According to a report in The Hill, the dreaded government shutdown materialized at midnight last night and a quick resolution is looking less likely as the House and Senate continue to play hot potato with the funding bill.
The House conservative faction wants to add a load of mandates to the bill that includes delaying Obamacare for a year (although open enrollment starts today) and the Senate won’t approve anything but a clean bill without being extorted into accepting unrelated rules that tea party Republicans demand.
Effective immediately, 800,000 federal employees will be furloughed for the first time in 17 years and D.C. museums and national monuments, including the Statue of Liberty will be closed. This hit to the US economy comes on the heels of sequestration cuts and government spending has already been pared to the bone for the next eight years.

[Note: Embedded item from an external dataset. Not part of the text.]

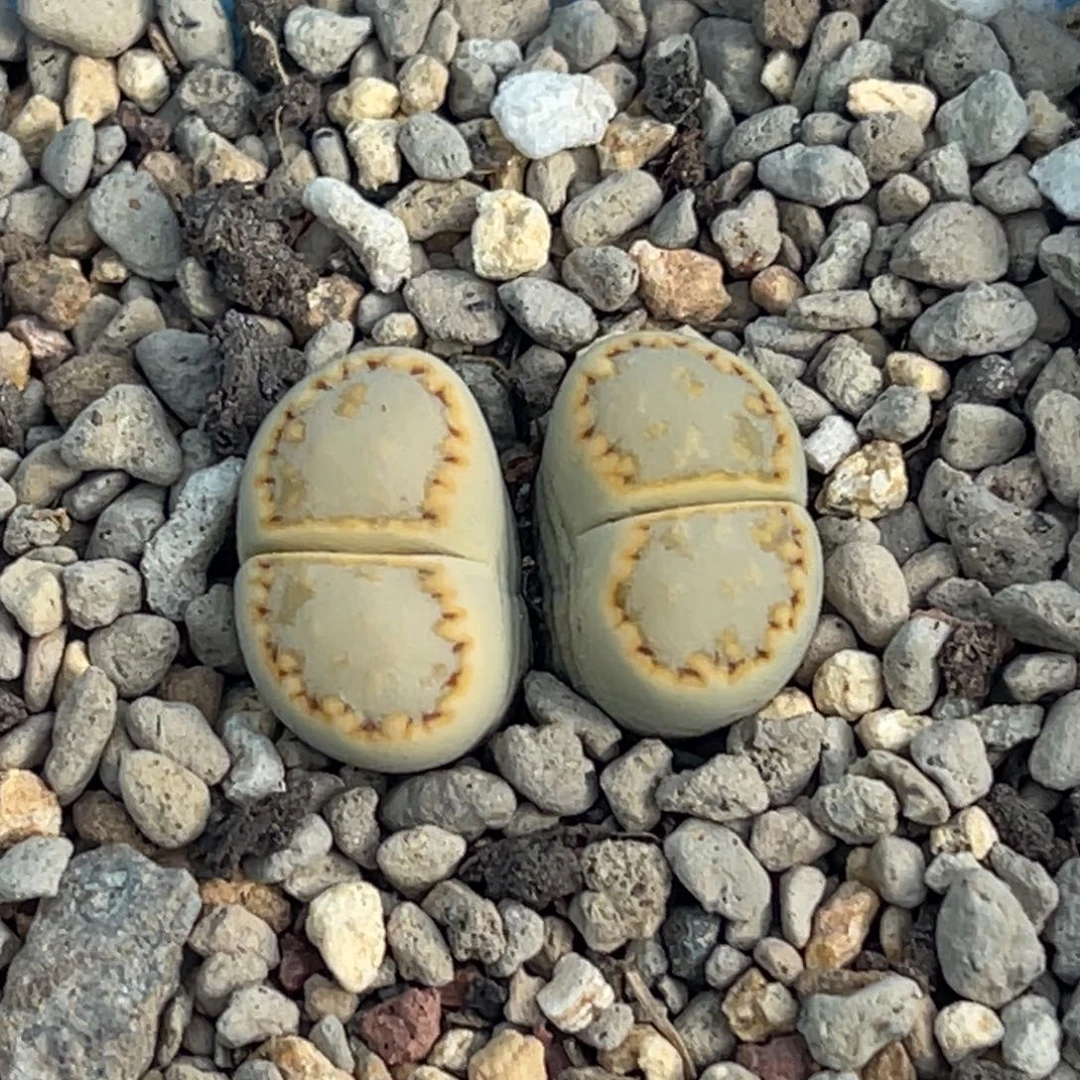 7594双头金边黄绿饼干一颗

Republicans claim they want to control spending, but the 1995 shutdown cost the taxpayers approximately $1.4 billion dollars.

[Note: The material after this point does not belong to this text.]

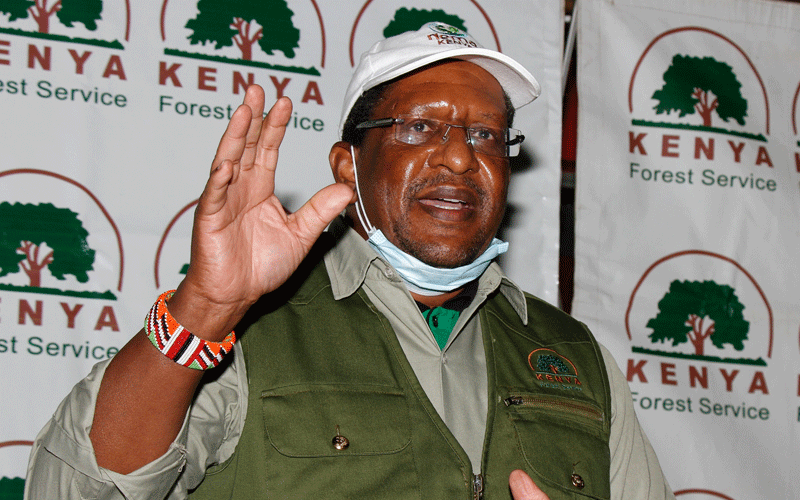 Government to invest in commercial forestry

The shutdown doesn’t bode well for wildlife and means that 394 national parks and wildlife refuges will be closed and conservation work will cease.

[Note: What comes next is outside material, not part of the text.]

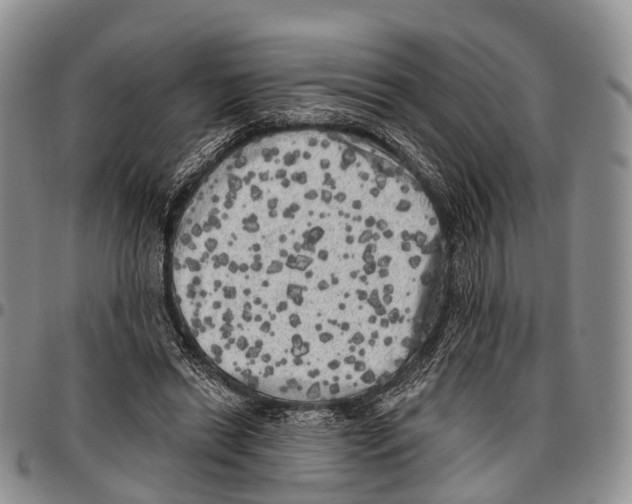 X0000096720446200803041405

National Wildlife Federation (NWF) points to one example of many; the endangered ocelot, which has less than one hundred animals remaining in the US, will have their habitat conservation work suspended.
NWF released a statement on the shutdown and how it will impact wildlife:
“The US Fish and Wildlife Service, is responsible for implementing and enforcing some of our nation’s most important environmental laws, including the Endangered Species Act. During the shutdown, no permitting work or consultations regarding these regulations will go forward, stopping promising [wildlife] conservation work in its tracks.”
Americans and foreign tourists, many traveling miles from remote places, will not have access to the Grand Canyon, Crater Lake National Park, Yosemite or Yellowstone, to name just a few.
Yellowstone is very popular this time of year for travelers to see bull elk and hear their eerie calls warning off other bulls from their females. Some visitors have been coming every year since they were children to enjoy the rare observation of nature up close.
Tourists not able to see one of the biggest herds of elk hanging out near cabins, unafraid of humans, will also miss out on seeing Old Faithful, the geyser and 61 other species of mammals that include the following listed on Yellowstone’s website:
- Black bears; more than 500 grizzlies live in the greater Yellowstone ecosystem.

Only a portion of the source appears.